* _Work request_
Please return the listing below word for word, minus its pictures.

* _Provided entries_
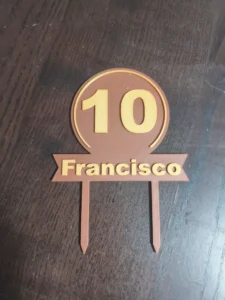 Placa topo de bolos com espetos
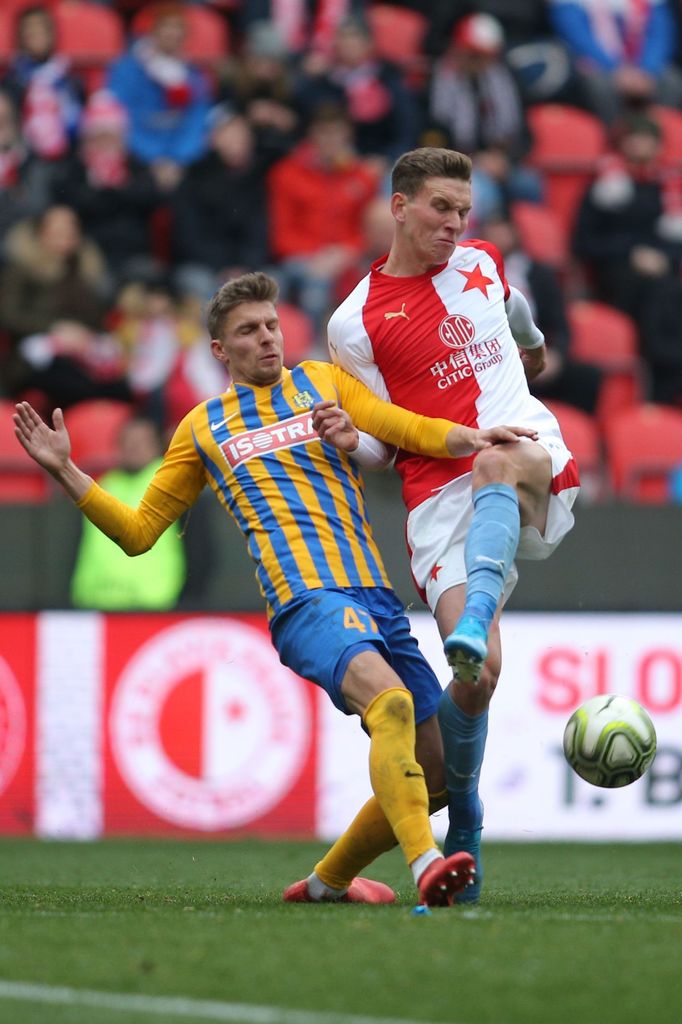 Jiří Texl a Lukáš Provod v zápase 22. kola Slavia - Opava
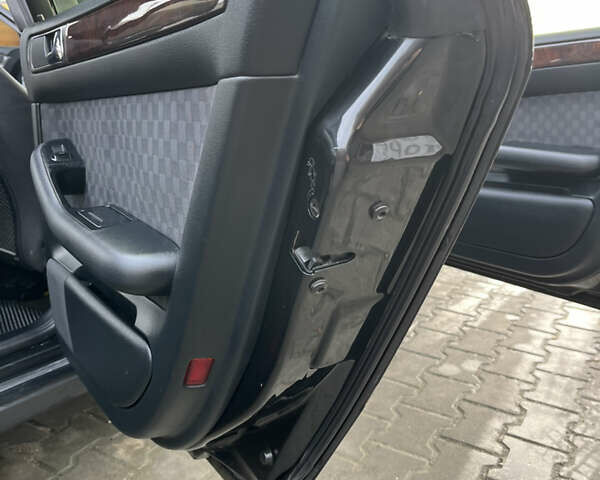 Чорний Ауді А6, об'ємом двигуна 1.8 л та пробігом 369 тис. км за 3900 $, фото 12 на Automoto.ua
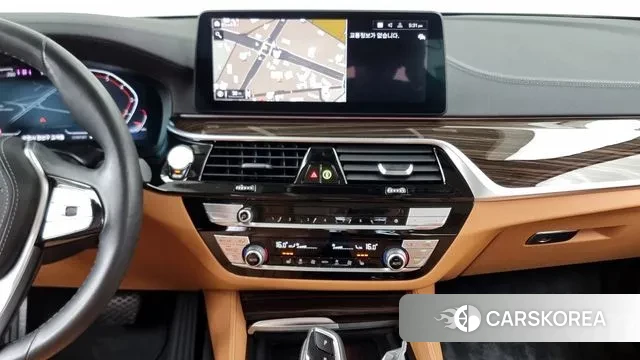 BMW 5 Series (G30) 2021 Белый из Кореи, фото 5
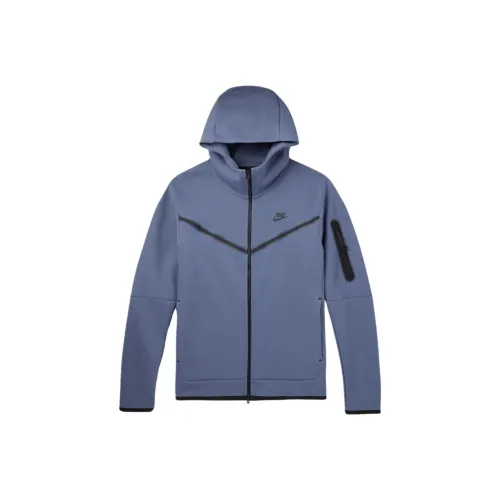 Nike Sportswear Tech Fleece Full Zip Hoodie & Joggers Set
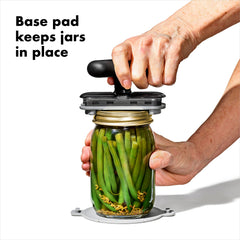 OXO Good Grips base antideslizante en encimera, evita deslizamientos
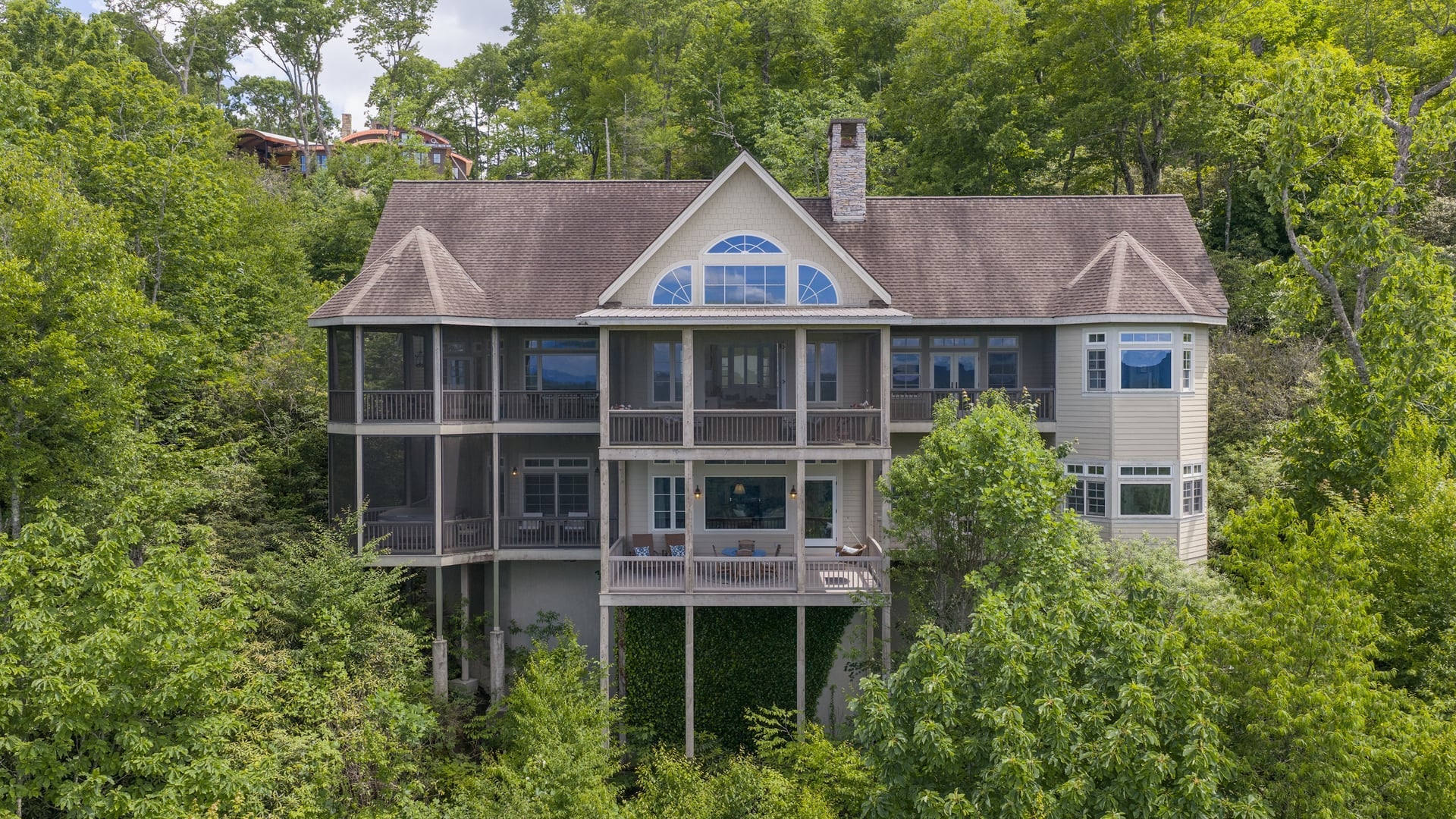 112 Willowbrook Court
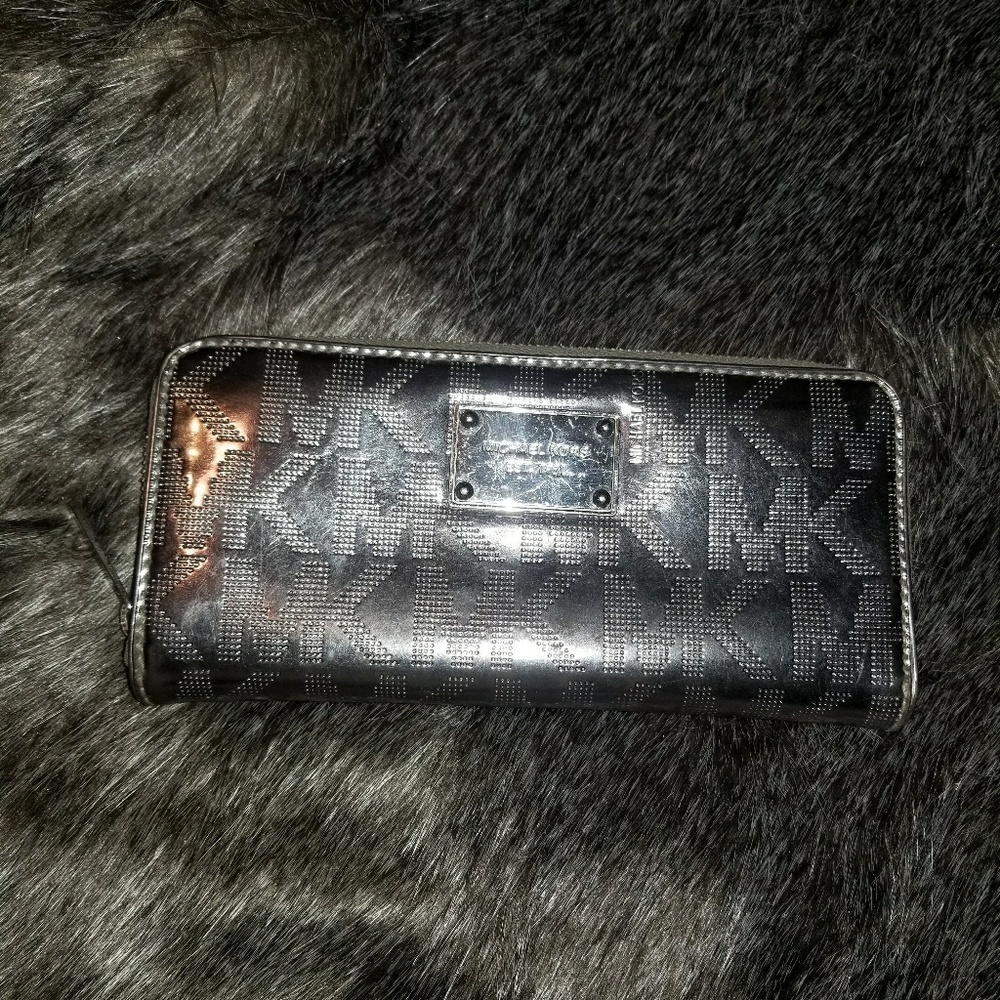 AUTHENTIC Michael Kors Wallet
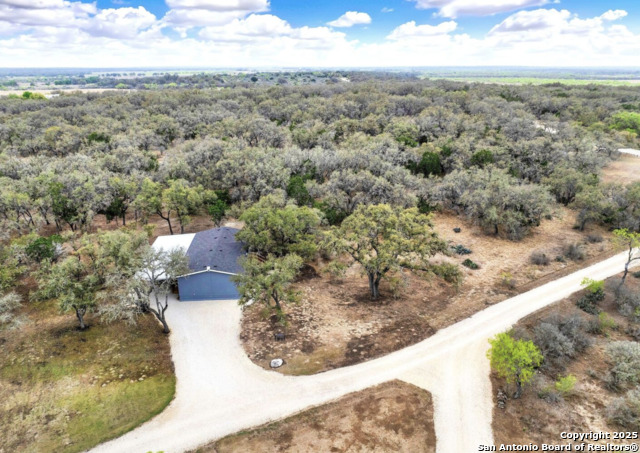 Listing photo id 4 for 130 County Road 2644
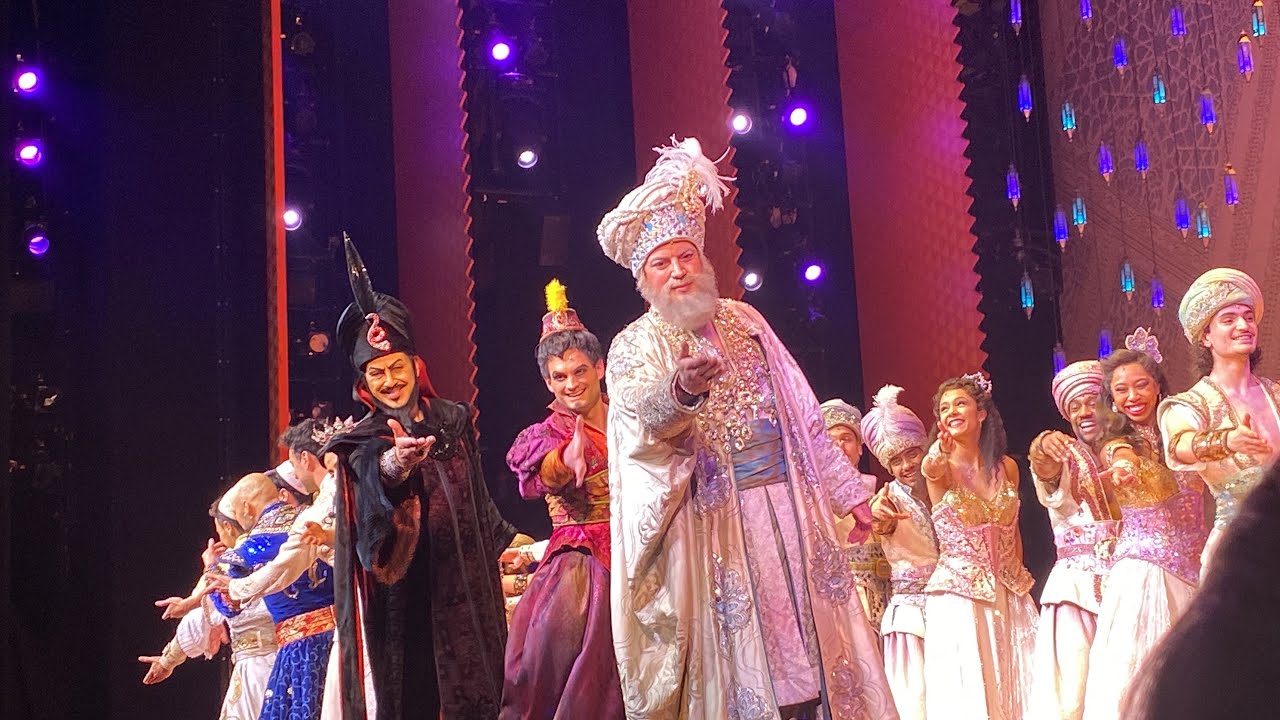 Slot applause Aladdin de musical - Vrijdag 24 Februari Matinée (Sander’s laatste Sultan)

* _Task solution_
 Placa topo de bolos com espetos
 Jiří Texl a Lukáš Provod v zápase 22. kola Slavia - Opava
 Чорний Ауді А6, об'ємом двигуна 1.8 л та пробігом 369 тис. км за 3900 $, фото 12 на Automoto.ua
 BMW 5 Series (G30) 2021 Белый из Кореи, фото 5
 Nike Sportswear Tech Fleece Full Zip Hoodie & Joggers Set
 OXO Good Grips base antideslizante en encimera, evita deslizamientos
 112 Willowbrook Court
 AUTHENTIC Michael Kors Wallet
 Listing photo id 4 for 130 County Road 2644
 Slot applause Aladdin de musical - Vrijdag 24 Februari Matinée (Sander’s laatste Sultan)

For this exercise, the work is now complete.